#### AIM OF THE EXERCISE
Please reproduce every entry, keeping each one exact.

#### DATA LISTING
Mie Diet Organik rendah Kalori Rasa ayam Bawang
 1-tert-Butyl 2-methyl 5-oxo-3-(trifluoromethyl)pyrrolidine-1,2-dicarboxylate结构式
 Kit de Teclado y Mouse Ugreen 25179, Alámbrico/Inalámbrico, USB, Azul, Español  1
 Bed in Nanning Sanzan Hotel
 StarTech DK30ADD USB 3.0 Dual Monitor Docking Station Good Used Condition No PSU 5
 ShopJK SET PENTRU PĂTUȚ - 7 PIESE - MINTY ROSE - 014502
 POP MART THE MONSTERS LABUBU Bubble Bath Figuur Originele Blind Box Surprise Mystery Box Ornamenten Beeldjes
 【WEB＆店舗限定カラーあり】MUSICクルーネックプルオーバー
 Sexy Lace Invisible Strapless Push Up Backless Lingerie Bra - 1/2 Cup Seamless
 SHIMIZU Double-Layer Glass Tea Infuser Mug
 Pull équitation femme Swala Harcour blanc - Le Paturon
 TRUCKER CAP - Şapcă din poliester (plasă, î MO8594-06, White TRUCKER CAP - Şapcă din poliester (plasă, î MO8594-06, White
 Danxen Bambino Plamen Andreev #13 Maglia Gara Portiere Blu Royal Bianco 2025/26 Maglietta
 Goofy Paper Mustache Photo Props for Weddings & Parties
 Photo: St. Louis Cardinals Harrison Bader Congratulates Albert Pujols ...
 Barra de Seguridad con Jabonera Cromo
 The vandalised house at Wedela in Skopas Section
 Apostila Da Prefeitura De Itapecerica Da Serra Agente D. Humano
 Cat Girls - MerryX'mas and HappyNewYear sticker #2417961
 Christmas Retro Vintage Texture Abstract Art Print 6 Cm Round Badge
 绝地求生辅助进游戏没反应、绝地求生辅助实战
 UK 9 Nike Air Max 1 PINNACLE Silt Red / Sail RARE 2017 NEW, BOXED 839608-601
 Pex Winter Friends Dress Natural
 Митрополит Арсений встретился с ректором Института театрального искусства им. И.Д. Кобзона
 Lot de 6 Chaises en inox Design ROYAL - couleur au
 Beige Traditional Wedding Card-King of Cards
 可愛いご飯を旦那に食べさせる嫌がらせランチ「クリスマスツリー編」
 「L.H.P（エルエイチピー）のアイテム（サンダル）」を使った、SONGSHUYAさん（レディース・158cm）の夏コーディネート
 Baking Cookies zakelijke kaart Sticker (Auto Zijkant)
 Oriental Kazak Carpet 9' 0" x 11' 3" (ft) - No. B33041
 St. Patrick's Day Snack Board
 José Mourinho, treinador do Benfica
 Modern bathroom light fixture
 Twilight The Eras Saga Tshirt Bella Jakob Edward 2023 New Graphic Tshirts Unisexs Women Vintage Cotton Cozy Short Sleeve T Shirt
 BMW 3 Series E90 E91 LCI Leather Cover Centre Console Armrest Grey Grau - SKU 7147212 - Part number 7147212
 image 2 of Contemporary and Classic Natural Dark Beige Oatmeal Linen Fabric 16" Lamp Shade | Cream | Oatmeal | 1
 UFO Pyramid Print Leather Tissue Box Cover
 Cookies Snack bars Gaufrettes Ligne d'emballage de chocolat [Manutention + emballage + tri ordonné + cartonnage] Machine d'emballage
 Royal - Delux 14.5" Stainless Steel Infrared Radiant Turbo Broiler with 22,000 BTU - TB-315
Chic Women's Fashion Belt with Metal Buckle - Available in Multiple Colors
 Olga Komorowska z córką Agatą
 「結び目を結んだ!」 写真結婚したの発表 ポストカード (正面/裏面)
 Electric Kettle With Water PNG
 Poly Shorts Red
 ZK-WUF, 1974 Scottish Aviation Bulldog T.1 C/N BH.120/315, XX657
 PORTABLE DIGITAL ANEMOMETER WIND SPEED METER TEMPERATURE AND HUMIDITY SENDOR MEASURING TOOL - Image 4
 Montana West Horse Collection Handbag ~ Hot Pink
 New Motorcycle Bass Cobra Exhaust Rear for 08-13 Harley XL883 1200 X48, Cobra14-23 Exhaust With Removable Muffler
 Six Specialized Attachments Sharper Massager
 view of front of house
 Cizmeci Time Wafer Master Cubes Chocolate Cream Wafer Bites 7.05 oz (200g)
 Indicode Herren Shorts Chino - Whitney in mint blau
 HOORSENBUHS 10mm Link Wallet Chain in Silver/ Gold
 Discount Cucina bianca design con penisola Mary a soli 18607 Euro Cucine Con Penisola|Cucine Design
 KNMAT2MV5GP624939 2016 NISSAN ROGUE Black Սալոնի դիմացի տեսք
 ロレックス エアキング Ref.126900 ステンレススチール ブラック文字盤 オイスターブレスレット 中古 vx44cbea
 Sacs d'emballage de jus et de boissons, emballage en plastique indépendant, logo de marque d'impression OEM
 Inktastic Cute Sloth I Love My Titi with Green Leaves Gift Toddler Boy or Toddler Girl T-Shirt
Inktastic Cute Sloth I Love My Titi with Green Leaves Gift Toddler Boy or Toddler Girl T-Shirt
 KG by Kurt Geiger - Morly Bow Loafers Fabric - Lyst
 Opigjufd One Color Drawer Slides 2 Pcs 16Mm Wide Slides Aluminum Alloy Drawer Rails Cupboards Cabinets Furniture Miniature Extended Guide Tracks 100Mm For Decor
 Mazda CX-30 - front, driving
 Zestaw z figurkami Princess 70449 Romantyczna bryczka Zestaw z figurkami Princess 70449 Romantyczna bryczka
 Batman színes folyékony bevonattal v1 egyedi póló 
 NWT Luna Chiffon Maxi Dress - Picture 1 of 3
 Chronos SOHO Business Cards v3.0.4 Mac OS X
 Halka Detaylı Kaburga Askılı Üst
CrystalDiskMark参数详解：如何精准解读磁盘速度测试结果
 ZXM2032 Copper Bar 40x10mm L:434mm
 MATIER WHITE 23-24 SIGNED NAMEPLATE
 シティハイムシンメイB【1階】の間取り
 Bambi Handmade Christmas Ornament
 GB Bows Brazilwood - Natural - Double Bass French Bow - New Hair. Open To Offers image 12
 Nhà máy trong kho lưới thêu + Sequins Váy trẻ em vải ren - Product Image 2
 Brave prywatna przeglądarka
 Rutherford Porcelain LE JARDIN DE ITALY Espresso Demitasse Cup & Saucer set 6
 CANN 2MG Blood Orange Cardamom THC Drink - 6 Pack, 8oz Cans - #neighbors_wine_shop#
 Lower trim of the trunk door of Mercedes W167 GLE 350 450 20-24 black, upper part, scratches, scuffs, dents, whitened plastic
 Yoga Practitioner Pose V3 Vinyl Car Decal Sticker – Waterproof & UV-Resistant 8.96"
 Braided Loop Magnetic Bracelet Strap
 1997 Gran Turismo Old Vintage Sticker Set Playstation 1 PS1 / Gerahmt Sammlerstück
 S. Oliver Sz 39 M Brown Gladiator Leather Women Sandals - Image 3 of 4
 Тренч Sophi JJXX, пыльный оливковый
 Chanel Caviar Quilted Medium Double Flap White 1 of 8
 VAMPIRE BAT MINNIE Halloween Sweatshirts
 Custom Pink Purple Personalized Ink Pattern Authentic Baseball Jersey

#### TASK RESPONSE
Mie Diet Organik rendah Kalori Rasa ayam Bawang
 1-tert-Butyl 2-methyl 5-oxo-3-(trifluoromethyl)pyrrolidine-1,2-dicarboxylate结构式
 Kit de Teclado y Mouse Ugreen 25179, Alámbrico/Inalámbrico, USB, Azul, Español  1
 Bed in Nanning Sanzan Hotel
 StarTech DK30ADD USB 3.0 Dual Monitor Docking Station Good Used Condition No PSU 5
 ShopJK SET PENTRU PĂTUȚ - 7 PIESE - MINTY ROSE - 014502
 POP MART THE MONSTERS LABUBU Bubble Bath Figuur Originele Blind Box Surprise Mystery Box Ornamenten Beeldjes
 【WEB＆店舗限定カラーあり】MUSICクルーネックプルオーバー
 Sexy Lace Invisible Strapless Push Up Backless Lingerie Bra - 1/2 Cup Seamless
 SHIMIZU Double-Layer Glass Tea Infuser Mug
 Pull équitation femme Swala Harcour blanc - Le Paturon
 TRUCKER CAP - Şapcă din poliester (plasă, î MO8594-06, White TRUCKER CAP - Şapcă din poliester (plasă, î MO8594-06, White
 Danxen Bambino Plamen Andreev #13 Maglia Gara Portiere Blu Royal Bianco 2025/26 Maglietta
 Goofy Paper Mustache Photo Props for Weddings & Parties
 Photo: St. Louis Cardinals Harrison Bader Congratulates Albert Pujols ...
 Barra de Seguridad con Jabonera Cromo
 The vandalised house at Wedela in Skopas Section
 Apostila Da Prefeitura De Itapecerica Da Serra Agente D. Humano
 Cat Girls - MerryX'mas and HappyNewYear sticker #2417961
 Christmas Retro Vintage Texture Abstract Art Print 6 Cm Round Badge
 绝地求生辅助进游戏没反应、绝地求生辅助实战
 UK 9 Nike Air Max 1 PINNACLE Silt Red / Sail RARE 2017 NEW, BOXED 839608-601
 Pex Winter Friends Dress Natural
 Митрополит Арсений встретился с ректором Института театрального искусства им. И.Д. Кобзона
 Lot de 6 Chaises en inox Design ROYAL - couleur au
 Beige Traditional Wedding Card-King of Cards
 可愛いご飯を旦那に食べさせる嫌がらせランチ「クリスマスツリー編」
 「L.H.P（エルエイチピー）のアイテム（サンダル）」を使った、SONGSHUYAさん（レディース・158cm）の夏コーディネート
 Baking Cookies zakelijke kaart Sticker (Auto Zijkant)
 Oriental Kazak Carpet 9' 0" x 11' 3" (ft) - No. B33041
 St. Patrick's Day Snack Board
 José Mourinho, treinador do Benfica
 Modern bathroom light fixture
 Twilight The Eras Saga Tshirt Bella Jakob Edward 2023 New Graphic Tshirts Unisexs Women Vintage Cotton Cozy Short Sleeve T Shirt
 BMW 3 Series E90 E91 LCI Leather Cover Centre Console Armrest Grey Grau - SKU 7147212 - Part number 7147212
 image 2 of Contemporary and Classic Natural Dark Beige Oatmeal Linen Fabric 16" Lamp Shade | Cream | Oatmeal | 1
 UFO Pyramid Print Leather Tissue Box Cover
 Cookies Snack bars Gaufrettes Ligne d'emballage de chocolat [Manutention + emballage + tri ordonné + cartonnage] Machine d'emballage
 Royal - Delux 14.5" Stainless Steel Infrared Radiant Turbo Broiler with 22,000 BTU - TB-315
Chic Women's Fashion Belt with Metal Buckle - Available in Multiple Colors
 Olga Komorowska z córką Agatą
 「結び目を結んだ!」 写真結婚したの発表 ポストカード (正面/裏面)
 Electric Kettle With Water PNG
 Poly Shorts Red
 ZK-WUF, 1974 Scottish Aviation Bulldog T.1 C/N BH.120/315, XX657
 PORTABLE DIGITAL ANEMOMETER WIND SPEED METER TEMPERATURE AND HUMIDITY SENDOR MEASURING TOOL - Image 4
 Montana West Horse Collection Handbag ~ Hot Pink
 New Motorcycle Bass Cobra Exhaust Rear for 08-13 Harley XL883 1200 X48, Cobra14-23 Exhaust With Removable Muffler
 Six Specialized Attachments Sharper Massager
 view of front of house
 Cizmeci Time Wafer Master Cubes Chocolate Cream Wafer Bites 7.05 oz (200g)
 Indicode Herren Shorts Chino - Whitney in mint blau
 HOORSENBUHS 10mm Link Wallet Chain in Silver/ Gold
 Discount Cucina bianca design con penisola Mary a soli 18607 Euro Cucine Con Penisola|Cucine Design
 KNMAT2MV5GP624939 2016 NISSAN ROGUE Black Սալոնի դիմացի տեսք
 ロレックス エアキング Ref.126900 ステンレススチール ブラック文字盤 オイスターブレスレット 中古 vx44cbea
 Sacs d'emballage de jus et de boissons, emballage en plastique indépendant, logo de marque d'impression OEM
 Inktastic Cute Sloth I Love My Titi with Green Leaves Gift Toddler Boy or Toddler Girl T-Shirt
Inktastic Cute Sloth I Love My Titi with Green Leaves Gift Toddler Boy or Toddler Girl T-Shirt
 KG by Kurt Geiger - Morly Bow Loafers Fabric - Lyst
 Opigjufd One Color Drawer Slides 2 Pcs 16Mm Wide Slides Aluminum Alloy Drawer Rails Cupboards Cabinets Furniture Miniature Extended Guide Tracks 100Mm For Decor
 Mazda CX-30 - front, driving
 Zestaw z figurkami Princess 70449 Romantyczna bryczka Zestaw z figurkami Princess 70449 Romantyczna bryczka
 Batman színes folyékony bevonattal v1 egyedi póló 
 NWT Luna Chiffon Maxi Dress - Picture 1 of 3
 Chronos SOHO Business Cards v3.0.4 Mac OS X
 Halka Detaylı Kaburga Askılı Üst
CrystalDiskMark参数详解：如何精准解读磁盘速度测试结果
 ZXM2032 Copper Bar 40x10mm L:434mm
 MATIER WHITE 23-24 SIGNED NAMEPLATE
 シティハイムシンメイB【1階】の間取り
 Bambi Handmade Christmas Ornament
 GB Bows Brazilwood - Natural - Double Bass French Bow - New Hair. Open To Offers image 12
 Nhà máy trong kho lưới thêu + Sequins Váy trẻ em vải ren - Product Image 2
 Brave prywatna przeglądarka
 Rutherford Porcelain LE JARDIN DE ITALY Espresso Demitasse Cup & Saucer set 6
 CANN 2MG Blood Orange Cardamom THC Drink - 6 Pack, 8oz Cans - #neighbors_wine_shop#
 Lower trim of the trunk door of Mercedes W167 GLE 350 450 20-24 black, upper part, scratches, scuffs, dents, whitened plastic
 Yoga Practitioner Pose V3 Vinyl Car Decal Sticker – Waterproof & UV-Resistant 8.96"
 Braided Loop Magnetic Bracelet Strap
 1997 Gran Turismo Old Vintage Sticker Set Playstation 1 PS1 / Gerahmt Sammlerstück
 S. Oliver Sz 39 M Brown Gladiator Leather Women Sandals - Image 3 of 4
 Тренч Sophi JJXX, пыльный оливковый
 Chanel Caviar Quilted Medium Double Flap White 1 of 8
 VAMPIRE BAT MINNIE Halloween Sweatshirts
 Custom Pink Purple Personalized Ink Pattern Authentic Baseball Jersey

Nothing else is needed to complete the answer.